→ Task brief
I need the lines below from the one with "Egy halom pénz a fa asztalon. — Stock Fotó" down to the one with "インテリアに合わせたデザイン" reproduced exactly, both ends included, and nothing else.

→ Listed entries
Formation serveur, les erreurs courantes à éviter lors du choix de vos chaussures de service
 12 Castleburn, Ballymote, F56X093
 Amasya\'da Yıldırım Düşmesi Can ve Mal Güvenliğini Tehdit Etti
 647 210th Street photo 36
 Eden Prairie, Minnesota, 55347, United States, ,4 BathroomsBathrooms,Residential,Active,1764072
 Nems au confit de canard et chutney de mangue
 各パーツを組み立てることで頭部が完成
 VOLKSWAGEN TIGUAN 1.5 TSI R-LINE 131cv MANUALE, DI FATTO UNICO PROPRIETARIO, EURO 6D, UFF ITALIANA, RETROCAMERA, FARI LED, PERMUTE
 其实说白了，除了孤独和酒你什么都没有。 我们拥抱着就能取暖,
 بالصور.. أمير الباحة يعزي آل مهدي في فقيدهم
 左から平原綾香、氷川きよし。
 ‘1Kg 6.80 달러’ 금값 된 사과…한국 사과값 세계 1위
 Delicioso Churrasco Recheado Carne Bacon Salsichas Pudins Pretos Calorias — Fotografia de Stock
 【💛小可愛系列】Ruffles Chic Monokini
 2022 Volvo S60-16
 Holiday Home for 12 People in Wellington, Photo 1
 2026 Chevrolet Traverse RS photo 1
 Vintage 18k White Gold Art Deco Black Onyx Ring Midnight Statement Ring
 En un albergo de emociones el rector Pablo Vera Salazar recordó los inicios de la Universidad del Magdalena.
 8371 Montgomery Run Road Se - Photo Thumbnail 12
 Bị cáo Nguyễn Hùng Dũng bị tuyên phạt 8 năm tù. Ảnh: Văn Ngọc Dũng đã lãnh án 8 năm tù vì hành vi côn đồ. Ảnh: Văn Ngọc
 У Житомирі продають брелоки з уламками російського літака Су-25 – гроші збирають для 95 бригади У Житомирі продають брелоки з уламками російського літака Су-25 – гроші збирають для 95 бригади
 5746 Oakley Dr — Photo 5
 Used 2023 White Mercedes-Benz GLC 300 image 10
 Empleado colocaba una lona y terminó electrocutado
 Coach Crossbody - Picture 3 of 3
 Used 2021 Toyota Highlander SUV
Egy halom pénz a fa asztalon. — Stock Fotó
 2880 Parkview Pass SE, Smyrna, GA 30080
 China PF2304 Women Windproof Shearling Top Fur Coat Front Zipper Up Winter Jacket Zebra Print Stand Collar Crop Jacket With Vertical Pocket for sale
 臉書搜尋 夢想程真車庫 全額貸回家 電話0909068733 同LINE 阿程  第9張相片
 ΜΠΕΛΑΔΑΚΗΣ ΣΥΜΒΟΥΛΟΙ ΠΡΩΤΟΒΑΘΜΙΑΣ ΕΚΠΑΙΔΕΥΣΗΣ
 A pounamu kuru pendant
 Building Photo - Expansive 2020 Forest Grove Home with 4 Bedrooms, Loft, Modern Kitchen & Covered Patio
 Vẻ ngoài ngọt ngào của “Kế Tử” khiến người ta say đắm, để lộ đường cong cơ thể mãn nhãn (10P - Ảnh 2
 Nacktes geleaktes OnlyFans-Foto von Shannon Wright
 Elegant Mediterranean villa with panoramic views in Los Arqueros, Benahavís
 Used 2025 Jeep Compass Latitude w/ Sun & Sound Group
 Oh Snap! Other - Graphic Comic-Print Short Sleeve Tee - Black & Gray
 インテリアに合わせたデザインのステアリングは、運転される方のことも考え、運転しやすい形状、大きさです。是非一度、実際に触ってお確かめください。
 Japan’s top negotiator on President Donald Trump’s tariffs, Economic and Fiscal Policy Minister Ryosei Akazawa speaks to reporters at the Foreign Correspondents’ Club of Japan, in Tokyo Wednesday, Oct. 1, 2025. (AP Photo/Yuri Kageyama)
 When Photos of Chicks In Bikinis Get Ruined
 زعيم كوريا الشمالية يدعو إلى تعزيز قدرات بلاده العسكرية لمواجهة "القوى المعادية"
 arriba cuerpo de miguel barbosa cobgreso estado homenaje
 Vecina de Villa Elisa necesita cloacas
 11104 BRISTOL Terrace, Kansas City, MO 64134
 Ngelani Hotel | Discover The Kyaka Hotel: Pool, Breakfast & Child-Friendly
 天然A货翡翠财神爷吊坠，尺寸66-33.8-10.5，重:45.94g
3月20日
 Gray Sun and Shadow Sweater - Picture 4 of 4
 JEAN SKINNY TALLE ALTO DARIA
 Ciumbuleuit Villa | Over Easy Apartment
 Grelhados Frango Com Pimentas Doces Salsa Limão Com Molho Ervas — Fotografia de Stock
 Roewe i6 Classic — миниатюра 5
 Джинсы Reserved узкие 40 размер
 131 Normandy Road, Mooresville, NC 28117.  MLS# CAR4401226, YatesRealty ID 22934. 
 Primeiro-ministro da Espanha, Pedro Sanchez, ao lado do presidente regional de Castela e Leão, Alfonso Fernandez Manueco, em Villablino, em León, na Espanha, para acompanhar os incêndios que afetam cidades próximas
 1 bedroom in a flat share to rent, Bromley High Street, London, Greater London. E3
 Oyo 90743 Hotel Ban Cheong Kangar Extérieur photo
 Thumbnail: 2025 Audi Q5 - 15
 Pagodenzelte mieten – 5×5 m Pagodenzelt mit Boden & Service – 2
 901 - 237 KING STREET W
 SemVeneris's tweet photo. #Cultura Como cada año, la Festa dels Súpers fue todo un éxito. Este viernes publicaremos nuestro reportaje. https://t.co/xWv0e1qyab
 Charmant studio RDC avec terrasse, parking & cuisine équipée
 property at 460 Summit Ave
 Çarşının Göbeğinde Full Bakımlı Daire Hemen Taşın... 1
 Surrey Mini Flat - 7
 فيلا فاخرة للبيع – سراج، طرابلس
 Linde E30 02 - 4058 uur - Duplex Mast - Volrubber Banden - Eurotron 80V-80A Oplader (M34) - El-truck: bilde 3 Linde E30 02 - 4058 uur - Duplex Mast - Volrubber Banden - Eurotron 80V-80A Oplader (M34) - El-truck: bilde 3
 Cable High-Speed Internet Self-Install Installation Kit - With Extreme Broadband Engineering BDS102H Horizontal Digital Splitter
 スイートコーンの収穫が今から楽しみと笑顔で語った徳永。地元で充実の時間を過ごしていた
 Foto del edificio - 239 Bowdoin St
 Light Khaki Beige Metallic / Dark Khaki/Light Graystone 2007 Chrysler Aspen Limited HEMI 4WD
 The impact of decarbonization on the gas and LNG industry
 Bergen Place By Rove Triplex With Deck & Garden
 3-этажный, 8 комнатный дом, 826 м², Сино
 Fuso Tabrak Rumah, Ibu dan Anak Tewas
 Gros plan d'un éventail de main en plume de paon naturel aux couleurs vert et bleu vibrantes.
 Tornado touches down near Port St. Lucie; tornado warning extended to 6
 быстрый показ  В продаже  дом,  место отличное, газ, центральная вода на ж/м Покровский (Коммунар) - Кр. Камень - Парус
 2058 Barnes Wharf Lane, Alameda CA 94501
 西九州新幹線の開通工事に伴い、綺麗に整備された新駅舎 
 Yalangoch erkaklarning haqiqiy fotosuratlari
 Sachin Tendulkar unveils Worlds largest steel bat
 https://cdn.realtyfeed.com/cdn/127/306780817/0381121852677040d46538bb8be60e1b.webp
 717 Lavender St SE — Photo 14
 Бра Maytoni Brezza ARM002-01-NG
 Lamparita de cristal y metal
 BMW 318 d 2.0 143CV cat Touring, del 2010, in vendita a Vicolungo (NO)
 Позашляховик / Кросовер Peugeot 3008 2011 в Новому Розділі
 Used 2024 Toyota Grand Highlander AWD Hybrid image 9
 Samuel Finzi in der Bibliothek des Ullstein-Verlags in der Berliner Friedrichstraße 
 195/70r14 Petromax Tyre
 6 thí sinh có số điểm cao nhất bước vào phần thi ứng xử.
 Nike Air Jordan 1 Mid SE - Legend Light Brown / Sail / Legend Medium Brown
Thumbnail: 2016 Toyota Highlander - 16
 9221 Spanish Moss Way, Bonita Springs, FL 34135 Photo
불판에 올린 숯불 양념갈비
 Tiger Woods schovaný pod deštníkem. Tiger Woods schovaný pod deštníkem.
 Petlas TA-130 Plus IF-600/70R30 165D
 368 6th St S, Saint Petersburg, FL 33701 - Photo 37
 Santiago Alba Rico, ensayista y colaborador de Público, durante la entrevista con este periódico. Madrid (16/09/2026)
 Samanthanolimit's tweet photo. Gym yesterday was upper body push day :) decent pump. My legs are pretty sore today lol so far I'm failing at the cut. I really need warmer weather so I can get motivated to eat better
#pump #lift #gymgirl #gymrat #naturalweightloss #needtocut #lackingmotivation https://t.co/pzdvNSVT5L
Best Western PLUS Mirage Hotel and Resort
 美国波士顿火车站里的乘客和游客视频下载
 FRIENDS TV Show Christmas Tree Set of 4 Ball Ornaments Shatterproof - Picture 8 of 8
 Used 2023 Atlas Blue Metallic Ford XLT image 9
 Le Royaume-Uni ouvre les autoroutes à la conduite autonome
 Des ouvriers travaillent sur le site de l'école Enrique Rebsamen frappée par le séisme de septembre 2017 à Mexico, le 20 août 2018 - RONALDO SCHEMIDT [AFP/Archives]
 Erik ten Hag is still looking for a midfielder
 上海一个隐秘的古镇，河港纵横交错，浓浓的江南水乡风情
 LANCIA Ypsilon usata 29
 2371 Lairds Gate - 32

→ Written reply
Egy halom pénz a fa asztalon. — Stock Fotó
 2880 Parkview Pass SE, Smyrna, GA 30080
 China PF2304 Women Windproof Shearling Top Fur Coat Front Zipper Up Winter Jacket Zebra Print Stand Collar Crop Jacket With Vertical Pocket for sale
 臉書搜尋 夢想程真車庫 全額貸回家 電話0909068733 同LINE 阿程  第9張相片
 ΜΠΕΛΑΔΑΚΗΣ ΣΥΜΒΟΥΛΟΙ ΠΡΩΤΟΒΑΘΜΙΑΣ ΕΚΠΑΙΔΕΥΣΗΣ
 A pounamu kuru pendant
 Building Photo - Expansive 2020 Forest Grove Home with 4 Bedrooms, Loft, Modern Kitchen & Covered Patio
 Vẻ ngoài ngọt ngào của “Kế Tử” khiến người ta say đắm, để lộ đường cong cơ thể mãn nhãn (10P - Ảnh 2
 Nacktes geleaktes OnlyFans-Foto von Shannon Wright
 Elegant Mediterranean villa with panoramic views in Los Arqueros, Benahavís
 Used 2025 Jeep Compass Latitude w/ Sun & Sound Group
 Oh Snap! Other - Graphic Comic-Print Short Sleeve Tee - Black & Gray
 インテリアに合わせたデザインのステアリングは、運転される方のことも考え、運転しやすい形状、大きさです。是非一度、実際に触ってお確かめください。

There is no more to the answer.